A slightly optimizing compiler for minipython (see here for an interpreter). Minipython code is parsed (correctly, with indentation, this time), then translated to a IR. The translation stage applies some very basic optimizations and infers the creation time of variables. From the IR, C code is generated (only depends on stdio.h).
MiniPython compiler
Compiles MiniPython programs
USAGE:
minipython-c.exe [OPTIONS] <FILE>
FLAGS:
-h, --help Prints help information
-V, --version Prints version information
OPTIONS:
-o, --out <FILE> Sets the output file name
ARGS:
<FILE> Input file
The indentation-based syntax is fully supported this time (no comments at block ends needed).
Functions can only be declared at the top-level and cannot be nested.
Error reporting is very basic: No location information (after parser errors) and only the first error is usually reported.
The datatype used in C is unsigned long long int
and is defined to be at least 64-bit in size. Still, for a language that has to encode everything as integers this is rather limiting.
Performance is quite good, as long as the C compiler is used with -O3
. Not because the minipython compiler is smart, but because C compilers are really smart.
Minipython was choosen by me as a simple project to learn how to write a compiler in Rust.
Overall, the experience was decently smooth. LALRPOP is a really great parser generator. It's decently easy to use, with good error messages, and thanks to cargo very well-integrated into the build process. The only caveat was that I had to write my own lexer, but that was necessary anyways, because I processed indentation in the lexer to let the parser stay Type-2. Writing a lexer took some time due to the complexity of parsing indentation, comments etc. correctly, but Rust turns out to be a language well suited to the task, thanks to the wide support of control flow (returns from loop etc.) and thanks to iterators.
At the same time, Rust's preference for mutable strings and slices makes writing the AST a bit more awkward, because it either requires keeping the entire source code just for the slices into it, frequent cloning, or string interning. I went with the last solution. While string interning is good for performance, it also makes printing, debugging and testing a bit harder. Cloning would have probably been the better choice, but Rust inspired me to be very performance-aware, even if it is really unneccessary. The usual caveat with premature optimization applies especially to Rust, a language that is very explicit about performance costs.

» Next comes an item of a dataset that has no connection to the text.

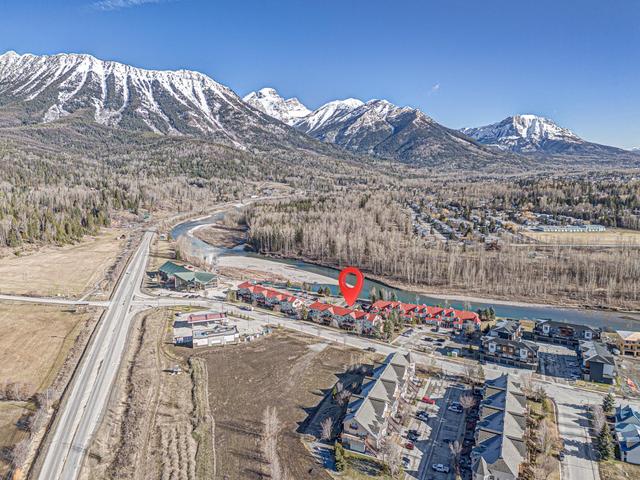 517/519 - 500 Riverside Way, Condo with 3 bedrooms, 2 bathrooms and null parking in Fernie BC | Image 27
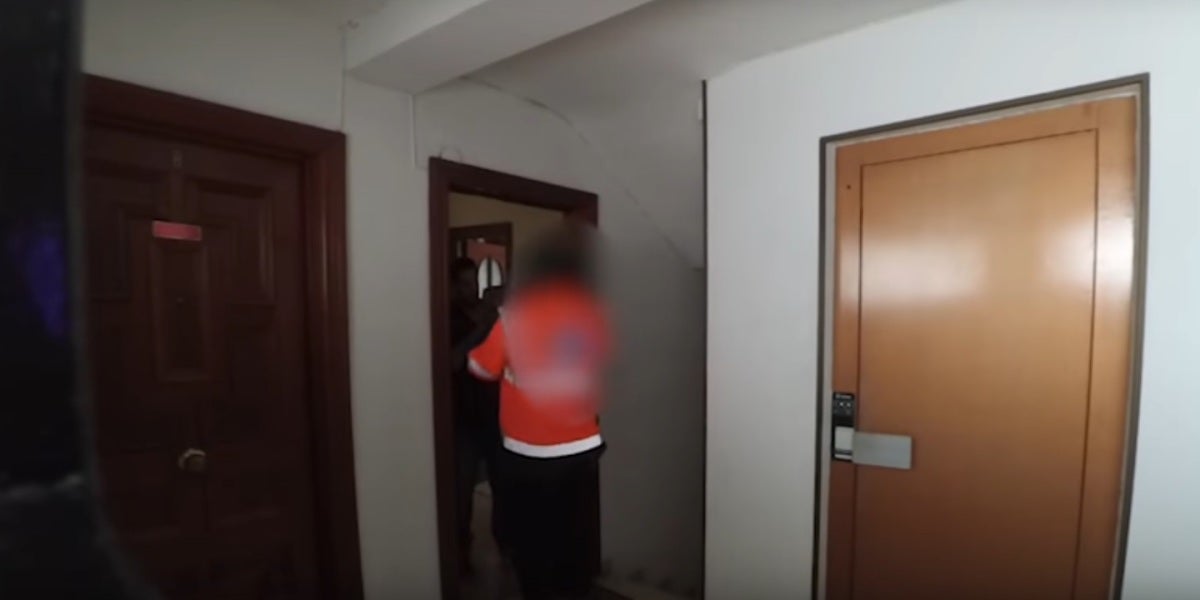 Momento en el que el 'youtuber' expone al repartidor al gas pimienta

Working with trees (the AST and the IR tree) in Rust is somewhat hard due to the lifetime semantics and requires some cloning (or a different strategy, like a memory arena). Still, Rust's enums and pattern matching are comparable to ML-family functional languages, and this is a definitive advantage when writing compilers. Rust just makes working with naively-modeled trees hard, and that is a disadvantage when writing optimizations, analysis phases and AST-to-IR conversions.
Generating code in C was obviously quite easy due to the limited nature of minipython. I would have preferred to compile to LLVM via inkwell, but I sadly couldn't get it to work on Windows, so I decided to compile to C instead.